The drawback is that cassandra isn't very good in indexing by value. There are secondary indexes, but they should be used only to index a column or two, not each of million of columns.
There are two options to address this issue:
Materialised views (described, for example, here: http://maxgrinev.com/2010/07/12/do-you-really-need-sql-to-do-it-all-in-cassandra/). This allows to build some set of predefined queries, probably quite complex ones.
Ad-hoc querying is possible with some sort of map/reduce job, that effectively iterates over the whole dataset. This might sound scary, but still it's pretty fast: Cassandra stores all data in SSTables, and this iterating might be implemented to scan data files sequentially.
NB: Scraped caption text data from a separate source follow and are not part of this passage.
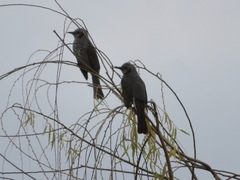 Hypsipetes amaurotis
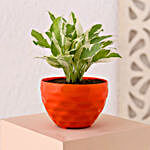 Pothos Plant In Tropical Orange Pot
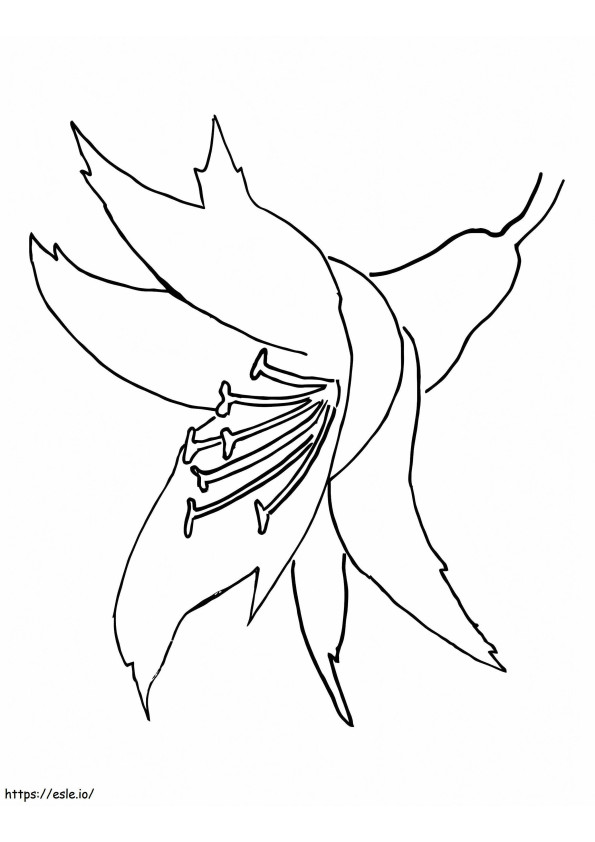 Coloriage Orchidée simple à imprimer dessin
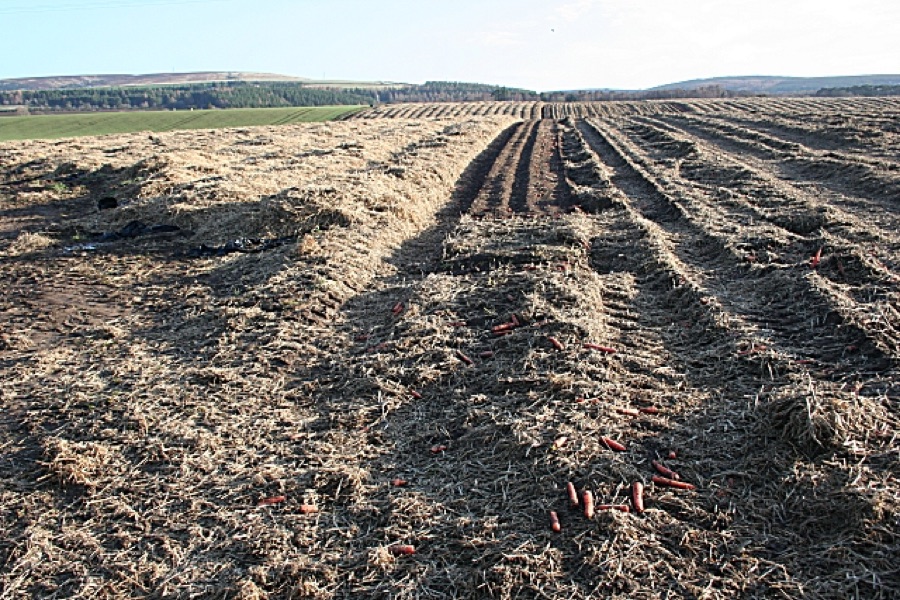 A field of carrot plants with feathery green tops growing in even rows.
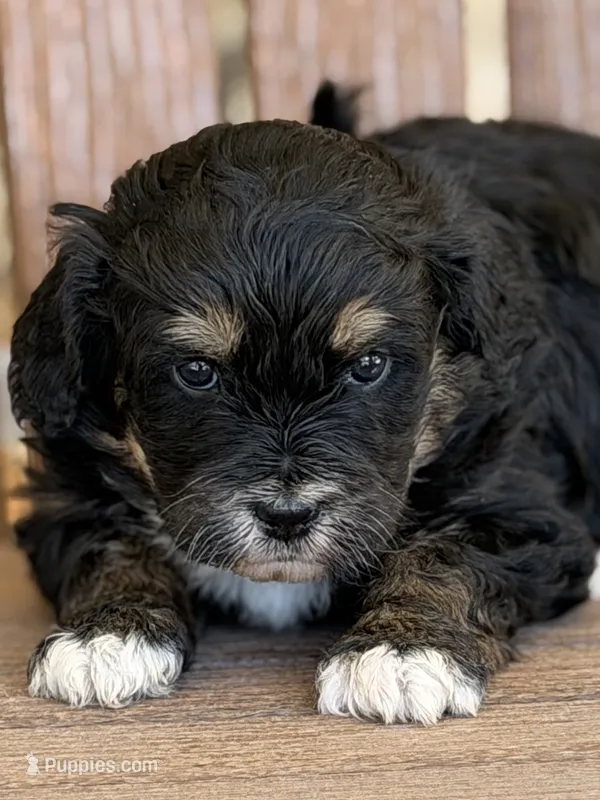 Peach – Bernedoodle, Miniature Bernedoodle puppy for sale in Kandiyohi, MN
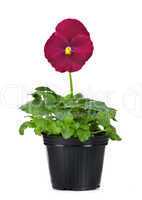 Beautiful pansies in flowerpot isolated on a white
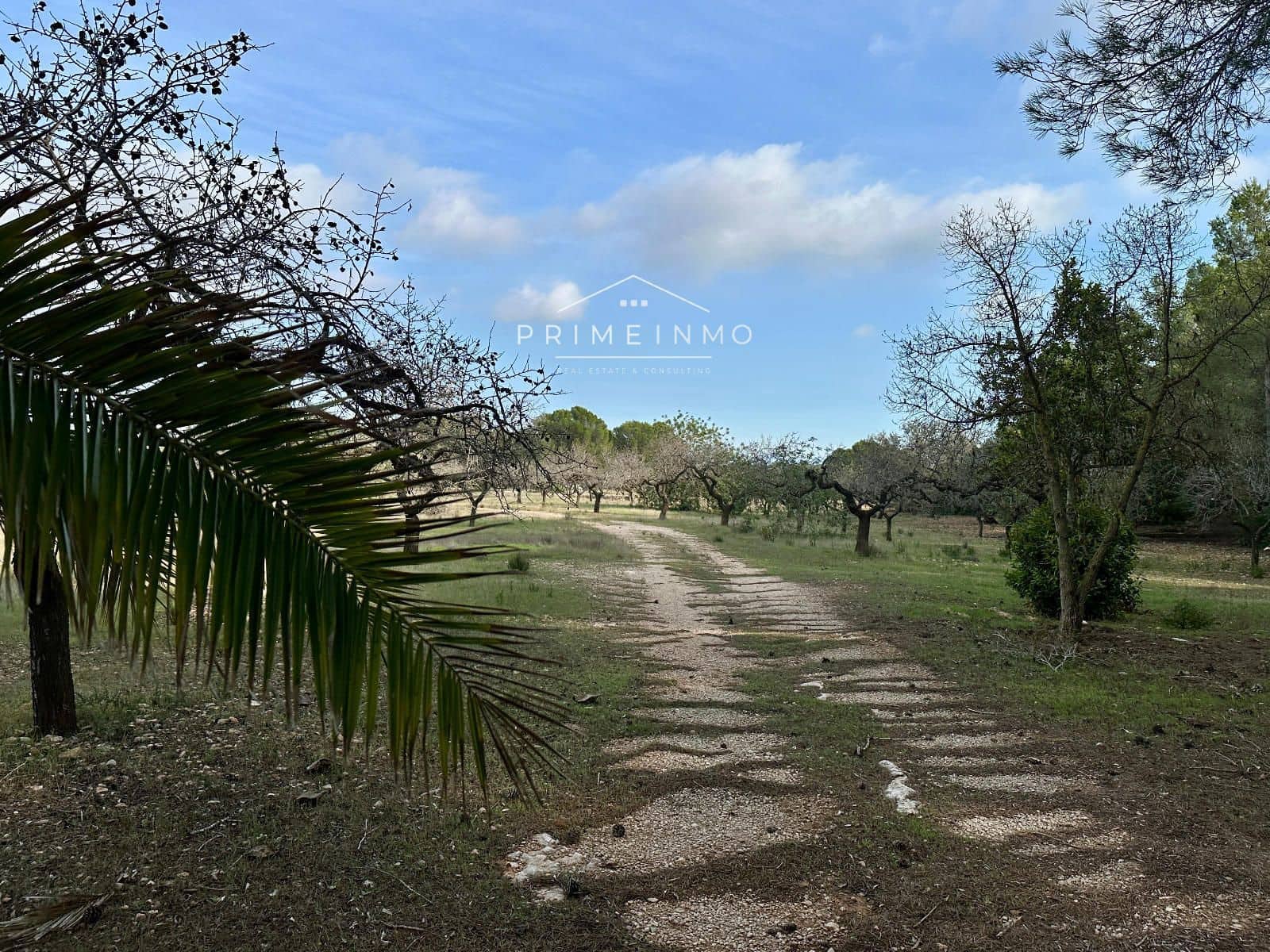 Ubebygd land til salgs i El Perello - € 118 000 (Ref: 10165465)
Start from a desired set of queries and structure your column families to support those views. Especially with so few fields involved, each CF can act cheaply as its own indexed view of your data. During a fetch, the key will partition the data ultimately to one specific Cassandra node that can rapidly stream a set of wide rows to your app server in a pre-determined order. This plays to one of Cassandra's strengths, as the fragmentation of that read on physical media (when not cached) is extremely low compared to bouncing around the various tracks and sectors on an indexed search of an RDBMS table.
One useful approach when available is to select your key to segment the data such that a full scan of all columns in that segment is a reasonable proposition, and a good rough fit for your query. Then, you filter what you don't need, even if that filtering is performed in your client (app server). All reviews for a movie is a good example. Even if you filter the positive reviews or provide only recent reviews or a summary, you might still reasonably fetch all rows for that key and then toss what you don't need.
Another option is if you can figure out how to partition data(by time, by category), playOrm offers a solution of doing S-SQL into a partition which is very fast. It is very much like an RDBMS EXCEPT that you partition the data to stay scalable and can have as many partitions as you want. partitions can contain millions of rows(I would not exceed 10 million rows though in a partition).
later,
Dean